La oposición, el Partido Popular con Valentina Martínez Ferro y Vox con Agustín Rosety, ha criticado fuertemente a la ministra de Exteriores: “renuncia a los derechos históricos de Espana; supone una ruptura del consenso histórico en nuestra política exterior; error histórico; traspaso de la línea roja vital de nuestra diplomacia…” Un grupo de expertos, entre los que conozco a los profesores Orella y Rocafort y a los generales Fontenla (“La guerra de Marruecos”) y Chicharro, termina de presentar un requerimiento a la ministra manteniendo que “llevar a cabo una negociación que busque no la descolonización de este territorio sino la creación de un nuevo status para que la colonia se perpetúe en la UE, además de incompetencia política y dejación de funciones, podría encajar dentro de una serie de ilícitos penales, como traición, ultraje a la nación o prevaricación”. Y mientras el último ministro de Exteriores del PP anuncia un libro con el expresivo título de La segunda rendición de Gibraltar, yo mismo, desde el elemental comedimiento profesional, he apuntado que algunos de los movimientos de la ministra, que el diplomático José Antonio Yturriaga atribuye a su inexperiencia, nos habían descolocado en cierta manera, al tiempo de reiterarme a disposición de la Oficina de Gibraltar, cuyo jefe, el buen profesional y amigo Antonio García Ferrer, acaba de fallecer prematuramente.
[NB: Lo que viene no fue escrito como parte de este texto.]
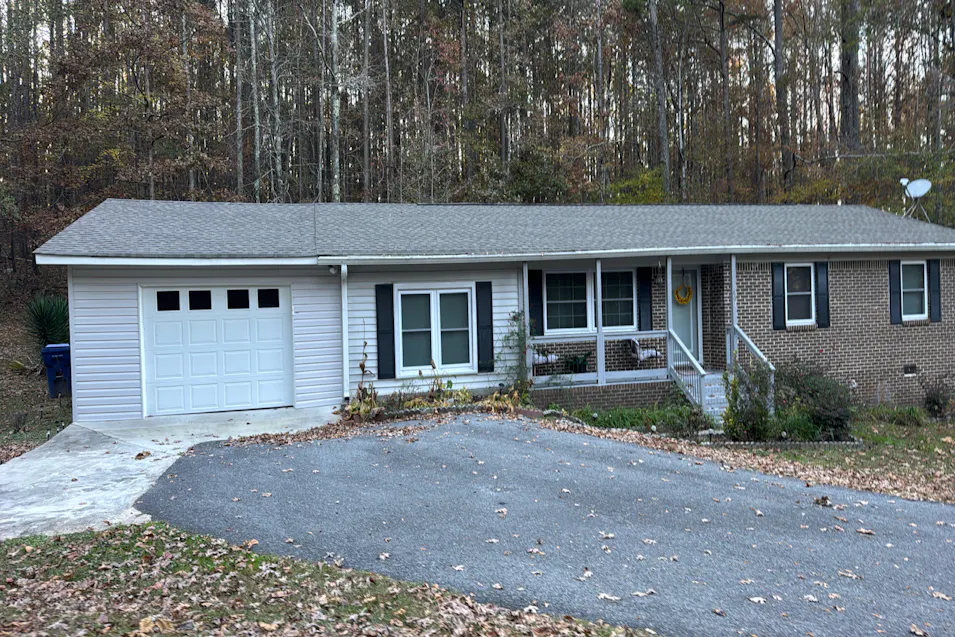 603 Jackson Avenue W Oneonta, AL 35121, Blount County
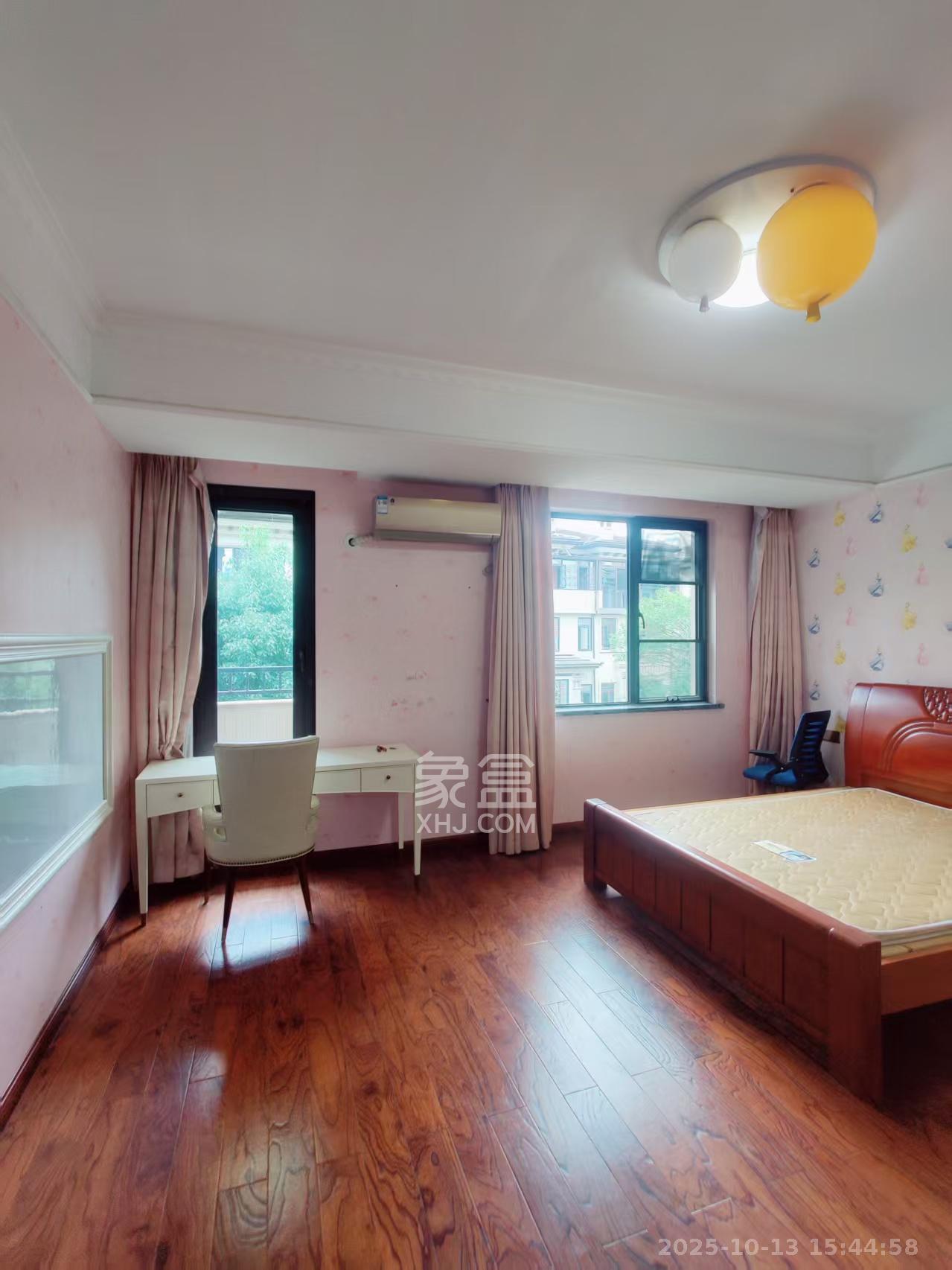 龙湖湘风原著（龙湖湘风星城）  6室3厅3卫    5500.0元/月室内图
Dejamos el caso ahí, aunque no sin recalcar que el iter más directo hacia la deseable cosoberanía, previa durante un tiempo razonable desde la mentalidad del tercer milenio, a la soberanía española, dada la persistente, manifiesta y más que pronosticable actitud evasiva de Londres y vista en su caso y en los puntos potenciales la normativa europea, pasaría por la firmeza, en los principios y en los hechos, en la ejecutoria. Y entonces lo más funcional, lo básico, sería el cumplimiento, hasta donde proceda, hasta donde se pueda, del tratado de Utrecht, y claro está, el simultáneo, ya impostergable, por mil veces prometido, desarrollo del Campo de Gibraltar.